Data provided START
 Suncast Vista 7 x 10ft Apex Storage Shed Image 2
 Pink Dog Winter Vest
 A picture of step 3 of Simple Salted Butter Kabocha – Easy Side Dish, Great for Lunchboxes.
Data provided END
Data provided START
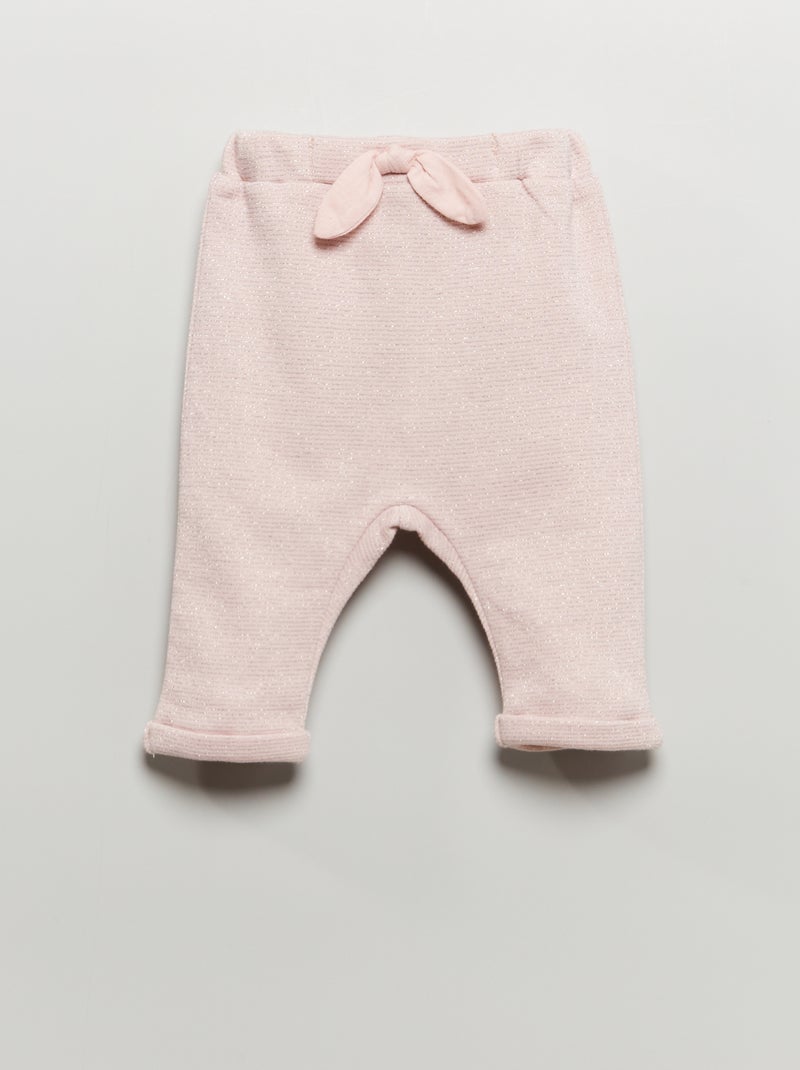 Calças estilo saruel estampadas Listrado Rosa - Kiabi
Data provided END
__Task item__.
Above are the records; from them, give again exactly the lines from the one containing "Pink Dog Winter Vest" to the one containing "A picture of", both lines included, and nothing more.

__Task answer__.
 Pink Dog Winter Vest
 A picture of step 3 of Simple Salted Butter Kabocha – Easy Side Dish, Great for Lunchboxes.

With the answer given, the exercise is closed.